> [Work item]
Reproduce each line from the records that holds "DOOR".

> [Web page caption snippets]
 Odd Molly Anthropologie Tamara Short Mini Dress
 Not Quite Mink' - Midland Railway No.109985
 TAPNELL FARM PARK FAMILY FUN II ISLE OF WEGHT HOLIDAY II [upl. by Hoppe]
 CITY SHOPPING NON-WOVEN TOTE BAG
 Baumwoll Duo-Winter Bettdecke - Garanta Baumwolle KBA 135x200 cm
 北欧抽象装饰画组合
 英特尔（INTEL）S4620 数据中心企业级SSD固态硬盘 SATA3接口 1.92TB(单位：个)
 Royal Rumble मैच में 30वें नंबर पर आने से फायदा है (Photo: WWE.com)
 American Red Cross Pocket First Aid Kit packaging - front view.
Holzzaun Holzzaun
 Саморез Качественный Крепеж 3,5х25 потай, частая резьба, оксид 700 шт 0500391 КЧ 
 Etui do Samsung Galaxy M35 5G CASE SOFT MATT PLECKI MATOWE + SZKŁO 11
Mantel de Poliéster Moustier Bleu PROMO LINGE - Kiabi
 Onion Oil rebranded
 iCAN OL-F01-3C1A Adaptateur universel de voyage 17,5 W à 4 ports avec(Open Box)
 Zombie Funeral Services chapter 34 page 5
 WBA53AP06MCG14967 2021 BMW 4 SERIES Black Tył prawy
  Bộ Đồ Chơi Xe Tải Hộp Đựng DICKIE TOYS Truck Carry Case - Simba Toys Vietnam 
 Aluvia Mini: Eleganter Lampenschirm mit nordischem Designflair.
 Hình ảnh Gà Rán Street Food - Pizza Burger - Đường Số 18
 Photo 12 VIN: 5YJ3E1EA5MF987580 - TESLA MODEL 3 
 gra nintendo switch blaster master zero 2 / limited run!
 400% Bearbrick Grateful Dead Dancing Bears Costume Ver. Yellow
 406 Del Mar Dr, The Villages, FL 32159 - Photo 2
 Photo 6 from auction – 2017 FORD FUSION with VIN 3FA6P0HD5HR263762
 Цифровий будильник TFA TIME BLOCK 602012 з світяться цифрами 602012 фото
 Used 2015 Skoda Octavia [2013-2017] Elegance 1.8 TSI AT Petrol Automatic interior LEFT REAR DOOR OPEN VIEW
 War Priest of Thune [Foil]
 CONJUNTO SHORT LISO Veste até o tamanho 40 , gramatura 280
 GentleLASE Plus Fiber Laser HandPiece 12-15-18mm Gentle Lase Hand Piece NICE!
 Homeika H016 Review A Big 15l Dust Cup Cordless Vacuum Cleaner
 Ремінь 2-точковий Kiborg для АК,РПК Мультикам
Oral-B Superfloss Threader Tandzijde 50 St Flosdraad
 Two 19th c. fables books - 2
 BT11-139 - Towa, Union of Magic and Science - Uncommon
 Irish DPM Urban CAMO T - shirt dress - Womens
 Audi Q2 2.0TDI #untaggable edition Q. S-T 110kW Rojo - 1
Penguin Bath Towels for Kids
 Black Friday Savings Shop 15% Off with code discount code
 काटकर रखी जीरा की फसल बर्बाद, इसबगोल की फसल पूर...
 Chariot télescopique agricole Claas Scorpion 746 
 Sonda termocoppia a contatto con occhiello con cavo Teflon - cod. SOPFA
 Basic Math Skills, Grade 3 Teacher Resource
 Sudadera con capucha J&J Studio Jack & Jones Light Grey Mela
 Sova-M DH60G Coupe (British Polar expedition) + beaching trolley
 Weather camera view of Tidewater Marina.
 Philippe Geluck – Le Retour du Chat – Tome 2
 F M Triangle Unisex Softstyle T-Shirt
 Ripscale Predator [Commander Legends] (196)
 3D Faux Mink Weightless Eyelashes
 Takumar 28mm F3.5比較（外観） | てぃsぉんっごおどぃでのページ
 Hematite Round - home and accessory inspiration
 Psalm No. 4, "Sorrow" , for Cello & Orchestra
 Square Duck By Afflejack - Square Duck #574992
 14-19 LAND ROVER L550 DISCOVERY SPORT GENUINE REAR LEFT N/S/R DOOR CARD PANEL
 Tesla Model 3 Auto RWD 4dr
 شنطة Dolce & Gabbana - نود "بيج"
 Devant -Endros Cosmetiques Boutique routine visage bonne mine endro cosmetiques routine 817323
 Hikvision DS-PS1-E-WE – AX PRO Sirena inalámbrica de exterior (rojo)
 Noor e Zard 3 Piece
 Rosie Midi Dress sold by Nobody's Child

> [Solution to this task]
 Used 2015 Skoda Octavia [2013-2017] Elegance 1.8 TSI AT Petrol Automatic interior LEFT REAR DOOR OPEN VIEW
 14-19 LAND ROVER L550 DISCOVERY SPORT GENUINE REAR LEFT N/S/R DOOR CARD PANEL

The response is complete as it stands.